牧牛妹默默下定决心,将软甲摊开在床上,试图测量尺寸。
「嗯……」
可是──这样测准吗?
再说一次,软甲被棉花塞得鼓鼓的,到处都有补强的痕迹。
而且有些部分特别蓬松,大概是因为穿在铠甲底下。
她压根不觉得拿这东西的尺寸,可以织出大小刚好的毛衣。
如果是有加入编织组织公会的工匠也就算了──
「怎么办呢……」
她手抵着下巴,再次沉吟。
这种时候就是要找朋友商量,她立刻想到柜台小姐,不过。
──找她商量这种事,实在有点奇怪……
那该如何是好?
§
「毛衣啊。经你这么一说,我没穿过耶。」
两人本来想跟平常一样,在公会后面谈话,结果一阵北风吹来,她们便进到食堂里面。
休息中的兽人女侍邋遢地坐在椅子上晃来晃去,晃得椅子吱嘎作响。
「因为我有毛嘛。自己的!」
「毛茸茸的呢。」
牧牛妹对年纪相近的友人说「给我摸摸看嘛?」请对方让自己抚摸那双柔软的手。
她握住被毛覆盖的大肉球,兽人女侍发出带鼻音的闷哼声。
「嗯……呵呵,全换成冬毛了!」
「真好。

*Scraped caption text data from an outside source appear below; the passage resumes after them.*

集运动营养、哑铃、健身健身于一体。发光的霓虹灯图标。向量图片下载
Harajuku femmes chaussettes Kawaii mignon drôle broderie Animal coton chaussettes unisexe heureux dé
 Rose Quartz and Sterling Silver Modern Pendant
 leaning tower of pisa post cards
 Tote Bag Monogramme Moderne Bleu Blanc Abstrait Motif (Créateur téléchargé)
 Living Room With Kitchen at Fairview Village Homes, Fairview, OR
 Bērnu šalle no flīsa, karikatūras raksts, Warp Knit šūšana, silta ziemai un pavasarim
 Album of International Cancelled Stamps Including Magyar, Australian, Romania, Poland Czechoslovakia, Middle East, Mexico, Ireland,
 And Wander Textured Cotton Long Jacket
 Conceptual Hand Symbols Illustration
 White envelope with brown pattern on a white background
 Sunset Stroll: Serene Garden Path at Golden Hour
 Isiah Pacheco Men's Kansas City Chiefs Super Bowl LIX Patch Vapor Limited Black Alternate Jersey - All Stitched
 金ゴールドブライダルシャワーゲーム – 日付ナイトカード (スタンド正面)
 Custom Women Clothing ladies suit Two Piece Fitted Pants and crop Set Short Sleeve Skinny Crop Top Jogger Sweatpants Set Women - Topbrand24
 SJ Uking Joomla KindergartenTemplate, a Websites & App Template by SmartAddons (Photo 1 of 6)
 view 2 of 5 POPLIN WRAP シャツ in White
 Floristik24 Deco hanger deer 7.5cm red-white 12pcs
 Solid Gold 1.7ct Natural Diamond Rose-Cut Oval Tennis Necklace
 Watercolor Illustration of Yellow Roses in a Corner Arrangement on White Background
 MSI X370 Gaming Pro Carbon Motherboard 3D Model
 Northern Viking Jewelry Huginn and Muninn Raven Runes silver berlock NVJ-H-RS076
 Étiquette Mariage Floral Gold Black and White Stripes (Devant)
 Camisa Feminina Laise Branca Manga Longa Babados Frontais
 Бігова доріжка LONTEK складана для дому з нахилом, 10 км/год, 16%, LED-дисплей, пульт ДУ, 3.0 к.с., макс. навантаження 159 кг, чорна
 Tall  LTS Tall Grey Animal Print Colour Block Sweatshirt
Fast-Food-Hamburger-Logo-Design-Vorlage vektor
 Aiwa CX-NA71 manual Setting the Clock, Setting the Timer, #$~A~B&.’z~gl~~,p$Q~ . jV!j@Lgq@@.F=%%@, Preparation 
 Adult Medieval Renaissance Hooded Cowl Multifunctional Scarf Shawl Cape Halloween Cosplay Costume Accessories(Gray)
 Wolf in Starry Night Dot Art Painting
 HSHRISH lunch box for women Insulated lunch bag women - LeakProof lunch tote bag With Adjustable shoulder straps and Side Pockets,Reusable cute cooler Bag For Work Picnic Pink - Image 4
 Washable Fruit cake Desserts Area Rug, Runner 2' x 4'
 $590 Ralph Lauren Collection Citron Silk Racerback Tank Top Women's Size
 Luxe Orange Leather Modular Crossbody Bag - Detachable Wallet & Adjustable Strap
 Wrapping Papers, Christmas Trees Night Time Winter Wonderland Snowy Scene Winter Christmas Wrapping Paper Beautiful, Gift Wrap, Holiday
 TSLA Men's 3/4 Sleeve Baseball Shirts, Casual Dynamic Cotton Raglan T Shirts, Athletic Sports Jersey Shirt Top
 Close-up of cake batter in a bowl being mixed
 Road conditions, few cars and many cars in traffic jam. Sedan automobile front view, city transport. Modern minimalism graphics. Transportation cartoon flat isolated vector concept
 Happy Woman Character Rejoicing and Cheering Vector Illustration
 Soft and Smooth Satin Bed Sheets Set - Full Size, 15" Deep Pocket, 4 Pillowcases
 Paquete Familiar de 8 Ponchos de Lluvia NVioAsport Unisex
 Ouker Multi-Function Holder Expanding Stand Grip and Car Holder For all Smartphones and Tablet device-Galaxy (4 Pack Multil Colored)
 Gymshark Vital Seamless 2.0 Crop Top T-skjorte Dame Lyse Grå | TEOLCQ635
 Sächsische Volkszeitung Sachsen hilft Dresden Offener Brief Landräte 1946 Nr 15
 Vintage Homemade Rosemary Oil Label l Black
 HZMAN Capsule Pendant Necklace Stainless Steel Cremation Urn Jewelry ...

我有点羡慕。」
「羡慕吧──?」兽人女侍抖动耳朵。「不过每次换季都会脱毛,挺麻烦的。」
拨开手上的毛皮一看,明显看得出她的毛分成上下两层。
所以应该很软很保暖,可是一听见会脱毛,那也满难处理的。
「每个人果然都有难处呢。」
「对呀。我也想像凡人Hume一样穿各种衣服。」
兽人女侍撑着颊,将丰满的上半身靠在桌上。
巨大的耳朵、巨大的双手、尾巴──以及身体各处的毛皮,都会挑衣服。
帽子和手套不方便戴,短裙也会让人烦恼适不适合穿。还得考虑衣服颜色跟毛色的搭配。
「类似邻居家的草坪吗?」
牧牛妹说道,吐了口气。每个人都不能过得随心所欲。
「噢,刚才是在聊尺寸对吧。」
「啊,嗯。」兽人女侍点头。「小鬼杀手大爷的衣服啊。我也不知道耶。」
不如说你应该比我更清楚吧?她疑惑地看着牧牛妹。牧牛妹「啊哈哈」笑出声来。
「可是,做铠甲或头盔的人感觉就会知道吧?」
「啊──工房老板吗?」
兽人女侍咕哝着「原来如此,原来如此」,抱着胳膊频频点头。
牧牛妹也知道她跟在工房当学徒的少年关系不错。
「他可能会知道啦。」
「可以麻烦你吗?」
「唔……他最近好像很忙……」
是吗?牧牛妹微微歪头,兽人女侍「嗯」没劲地点头。
听说东边的国家发生动乱,飞龙和魔神现身于各地。
拜其所赐,冒险者也得采购新装备,导致工房不得不拼命赶工。